Humanity shapes civilization because Man is the one creature that shapes his life by ideas. The only culture on the planet that has ever held the individual as the moral starting point is the United States of America. It is our civilization that defends humanity. If we lose America—its founding philosophical premise—then the world will lose “humanity.”

Do you see how Augustinian and Kantian doctrine disconnect Joe Carter from reality and causality? Do you see how thoroughly destructive Joe Carte’s moral equivalency is to human values? Do you see his moral bankruptcy?

“But, John, he is just trying to advocate a humane standard. Torture is a hideous practice. Shouldn’t it be beneath our higher moral standard?”

Actually, no, Joe Carter was not advocating a “humane standard.” There is no moral equivalency between American culture and Jihadist Islam. We are not qualitatively or quantitatively the same. Nor do we err in mere degrees sharing moral culpability born from a “fallen heart.” This is a vile assertion done for the sole purpose of advancing Augustinian doctrine. Joe Carter is more interested in offering “correct” doctrine than “humane” values. Under the Augustine/Calvin/Kant axis of evil, man has no value. Joe Carter is not offering a mediating position between extremes: political leftist vs. Sarah Palin. He is offering a worldview that stands diametrically opposed to America’s founding premise. John Locke’s Natural Rights are at metaphysical odds with Calvin’s Pervasive Depravity or Kant’s Categorical Imperative. America, you can’t have both. You must pick one.

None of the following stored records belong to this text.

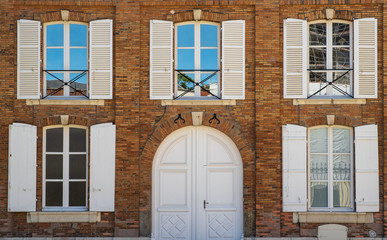 Typische Hausfassade eines Herrschaftshauses in Epernay/Frankreich
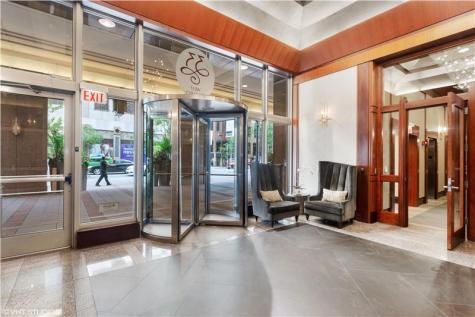 33 West Ontario Street Chicago IL 60654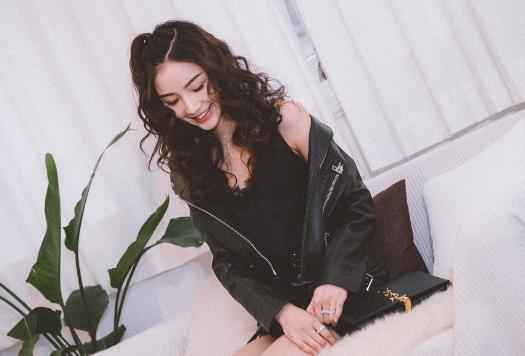 小花张南出席品牌活动 all black摇滚少女范十足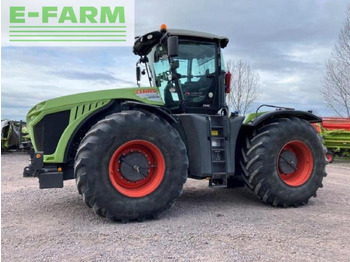 Tracteur agricole CLAAS Xerion 4000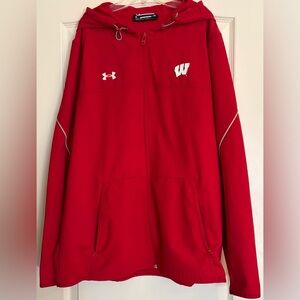 UNDER ARMOUR 
WISCONSIN BADGERS
HOODED WINDBREAKER
SIZE XL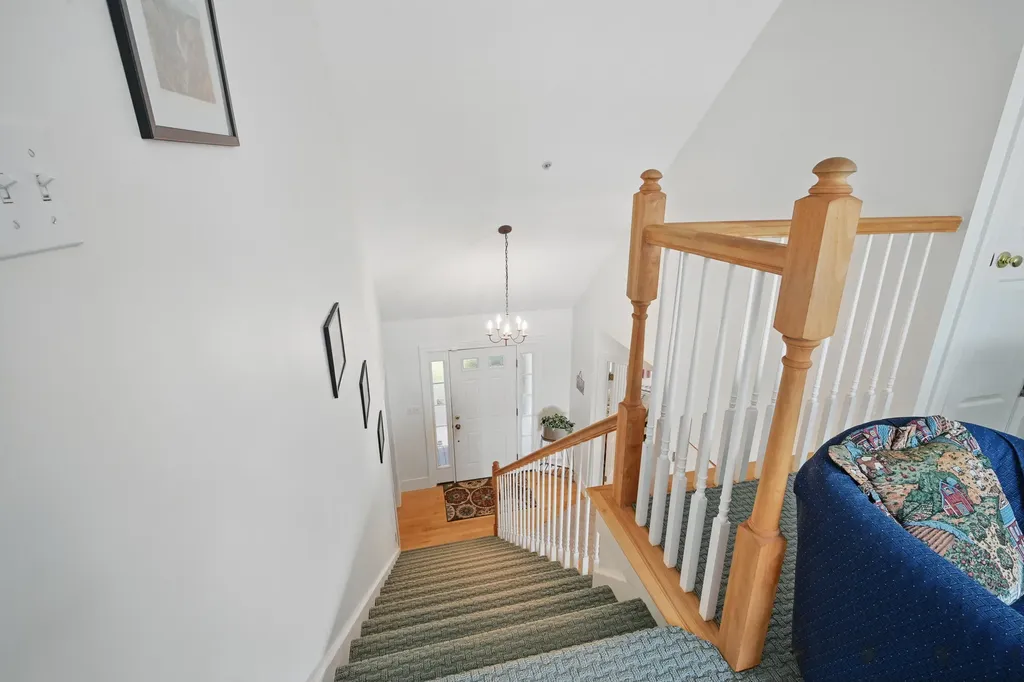 20 Eagle Point Road Bath ME 04530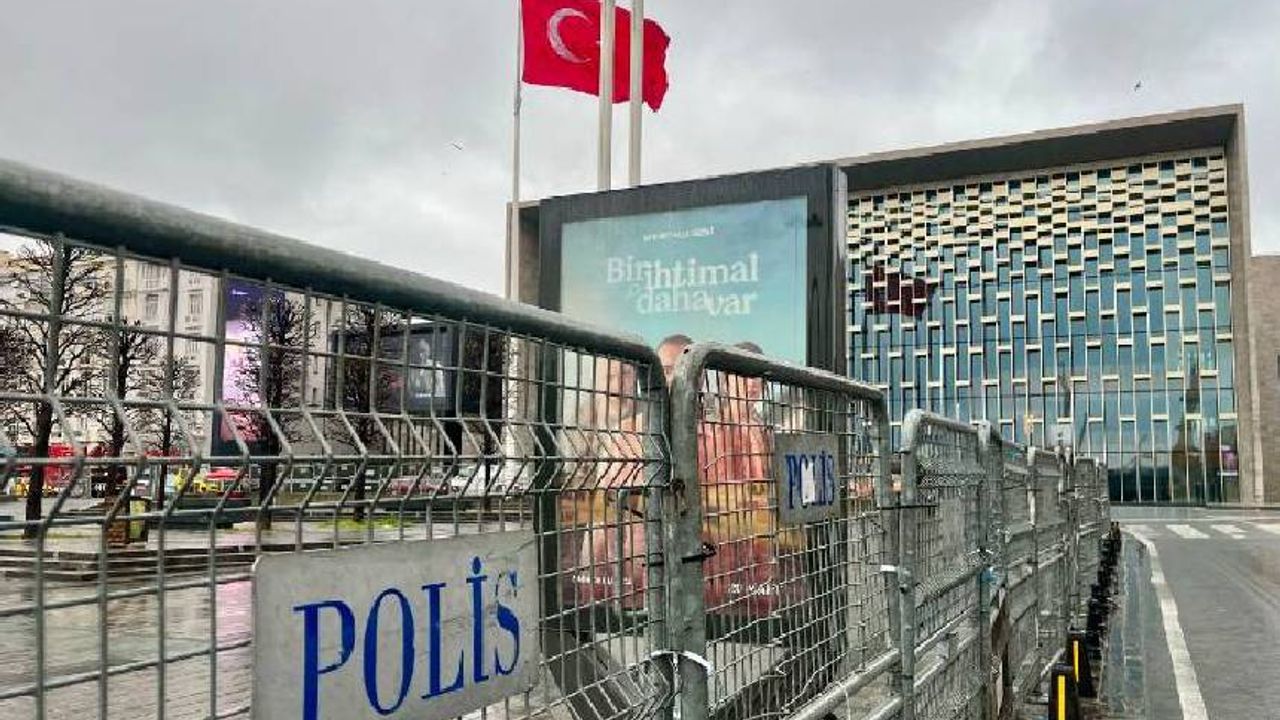 Taksim abluka altında! Barikatlar hala kalkmadı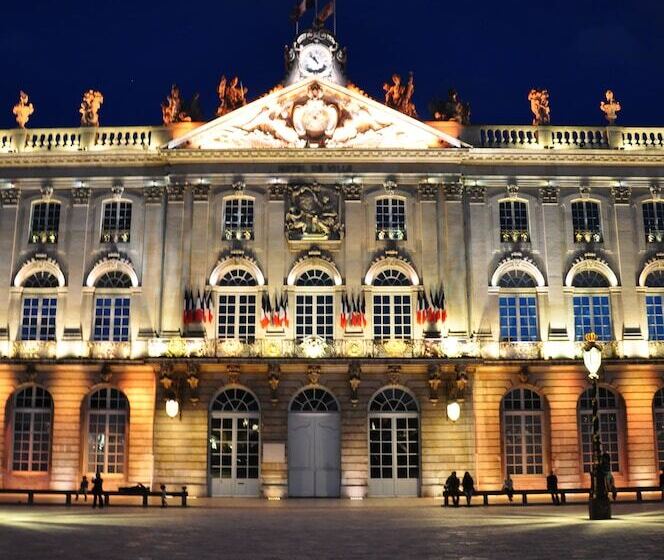 هتل Foch Nancy Gare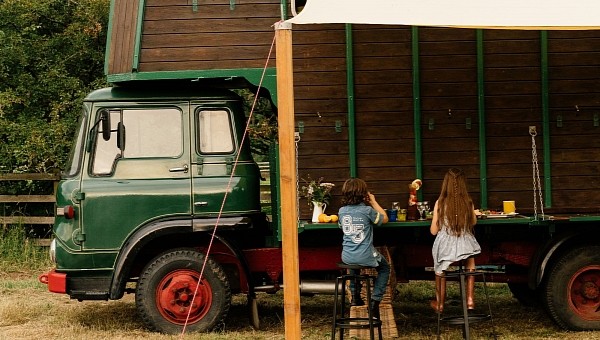 Ashton turned an old horsebox into an adorable cottage on wheels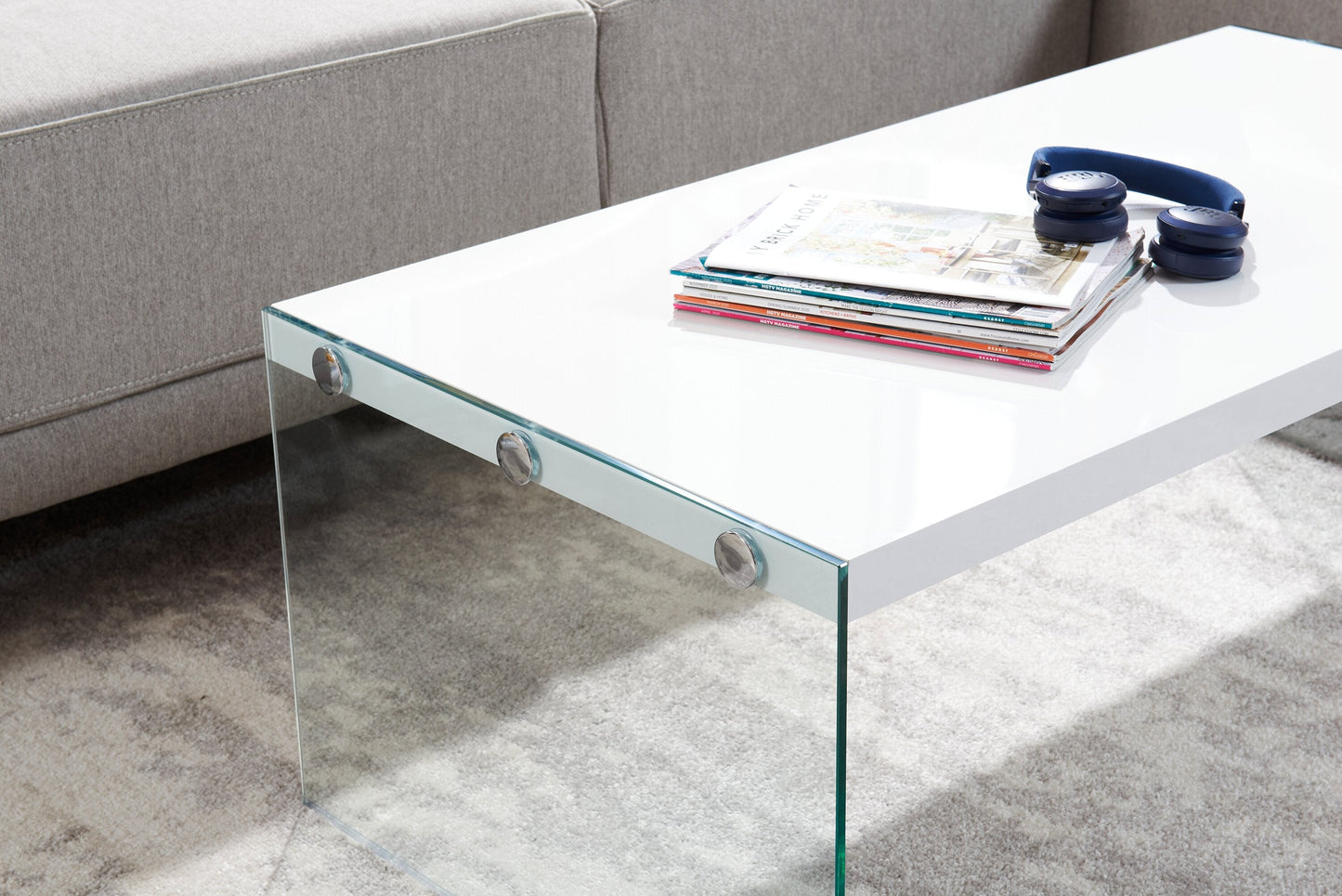 Waterford 44" Modern Coffee Table - White with Glass Legs|Table à café moderne Waterford de 44 po - blanche avec pattes en verre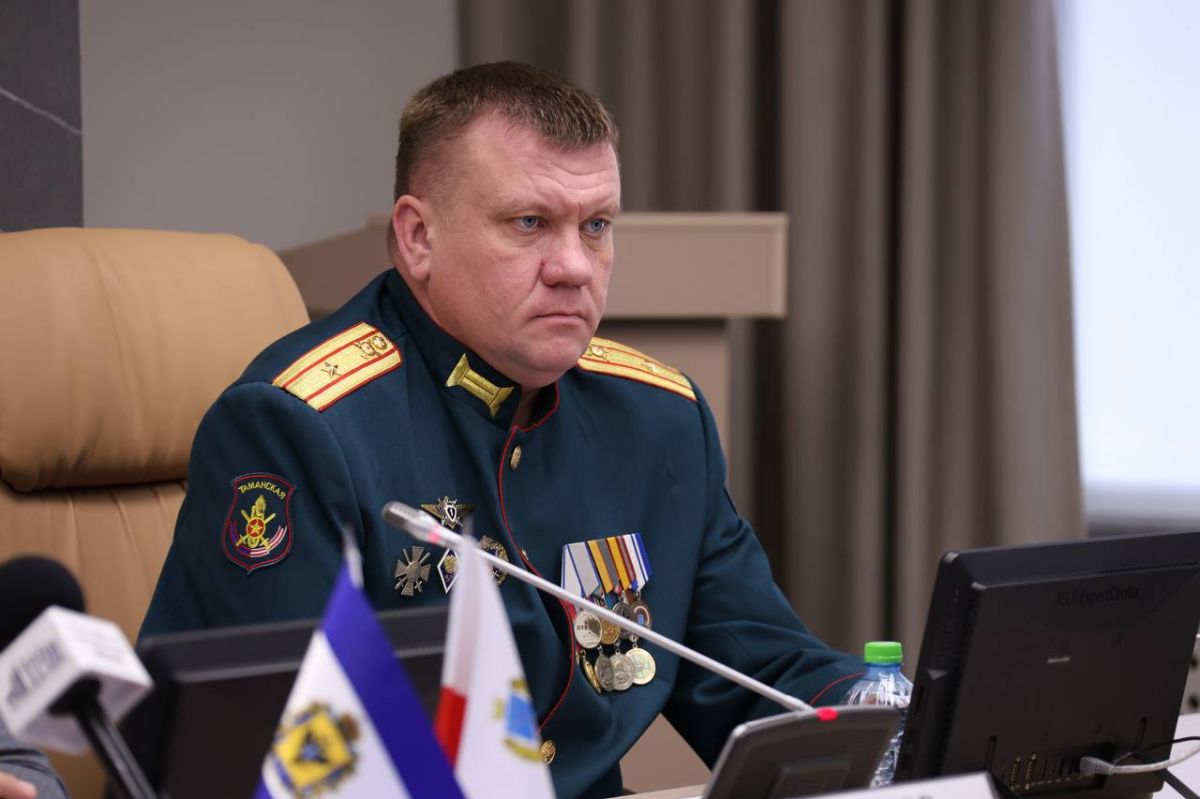 Председатель Саратовской областной Думы Алексей Антонов провел рабочее совещание, посвященное реализации программы «Наши герои» Председатель Саратовской областной Думы Алексей Антонов провел рабочее совещание, посвященное реализации программы «Наши герои»
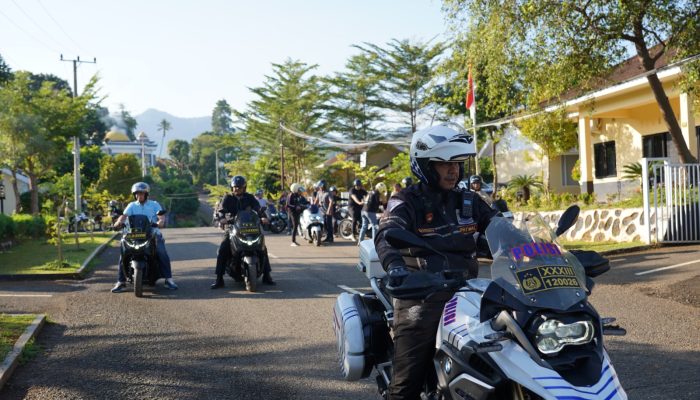 Promosikan Potensi Alam, Kapolda Sulbar Bareng PJU Jelajahi Keindahan Air Terjun Tamasapi  Polda Sulbar – Kepala Kepolisian Daerah Sulawesi Barat, Irjen Pol Adi Deriyan Jayamarta, bersama Pejabat Utama (PJU) Mapolda Sulbar melakukan kegiatan ekspedisi dan peninjauan destinasi wisata alam.   Rombongan Kapolda menelusuri keindahan Air Terjun Tamasapi yang terletak di kawasan Kali Mamuju, Sabtu (18/4/26).  Kunjungan ini dilakukan dalam rangka mengisi waktu akhir pekan (weekend) sekaligus melakukan eksplorasi potensi daerah. Tampak akrab dan santai, Kapolda beserta jajaran menempuh perjalanan menggunakan sepeda motor menuju lokasi, menikmati suasana alam dan keasrian lingkungan sekitar.  Lokasi Air Terjun Tamasapi menawarkan pemandangan yang memukau dengan aliran air yang jernih serta suasana alam yang masih sangat asri dan alami. Kehadiran pimpinan tertinggi di lingkungan Polda Sulbar ini menjadi bukti perhatian besar terhadap kekayaan alam yang dimiliki daerah.  Dalam kesempatan tersebut, Kapolda Irjen Pol Adi Deriyan menegaskan bahwa Sulawesi Barat memiliki anugerah alam yang luar biasa. Berbagai destinasi wisata yang tersebar dinilai memiliki daya tarik yang tidak kalah dengan daerah lain.  “Destinasi wisata alam di Sulbar ini punya potensi yang sangat besar dan luar biasa. Keindahannya harus kita kenalkan lebih luas lagi, bahkan sampai ke kancah nasional maupun internasional,” tutur Kapolda.  Menurutnya, pengembangan pariwisata bukan hanya soal keindahan semata, tetapi juga berkaitan erat dengan roda ekonomi masyarakat. Semakin banyak wisatawan yang berkunjung, maka akan semakin terbuka peluang usaha dan lapangan kerja bagi warga sekitar.  “Kita ingin tempat-tempat indah seperti ini dikenal banyak orang. Ketika pengunjung datang, otomatis akan mendorong pertumbuhan ekonomi daerah dan pada akhirnya meningkatkan kesejahteraan masyarakat sekitar,” tambahnya.  Kegiatan ini juga menjadi momen keakraban sekaligus bentuk dukungan nyata kepolisian dalam mempromosikan Sulbar sebagai salah satu tujuan wisata menarik di Pulau Sulawesi.  Humas Polda Sulbar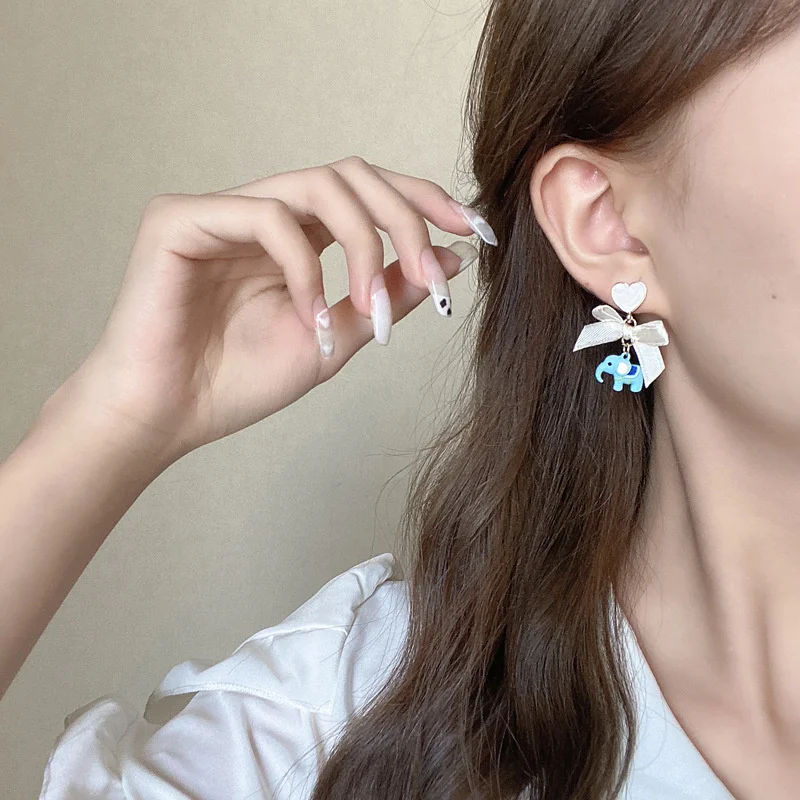 

Cartoon Elephant Doll Earrings Fun Woman Girl Earrings Cute elephant bow earrings fresh and sweet love earrings S925 needle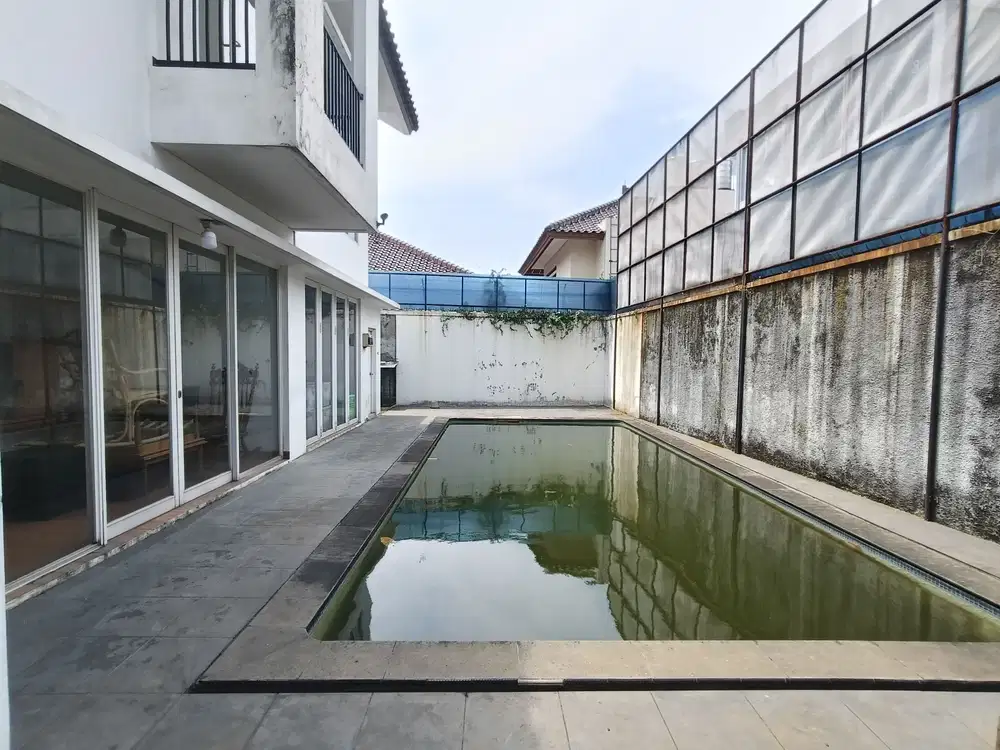 Dijual Rumah bergaya modern dan minimalis Mampang Prapatan jaksel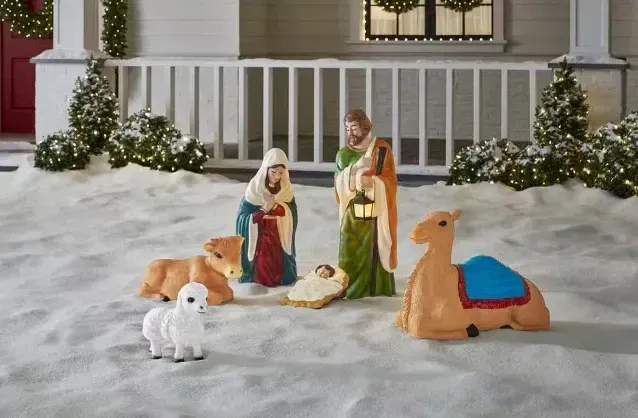 Home Accents Holiday 6-Piece LED Nativity Scene (Item #1011184396) - image 1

The issue is not torture but the proper role of government instituted among free men living in accord with reason. It is precisely because of our higher moral standard that we must wage quick, brutal, decisive war against those who foreswear our destruction. Natural rights are not a suicide pact that demands we extend political sanction to every human being no matter their moral bankruptcy. Remember that Locke said:

“. . . political power . . . is done by agreeing with other men, to join and unite into a community for their comfortable, safe and peaceable living, one amongst another, in a secure enjoyment of their properties, and a greater security against any that are not of it.”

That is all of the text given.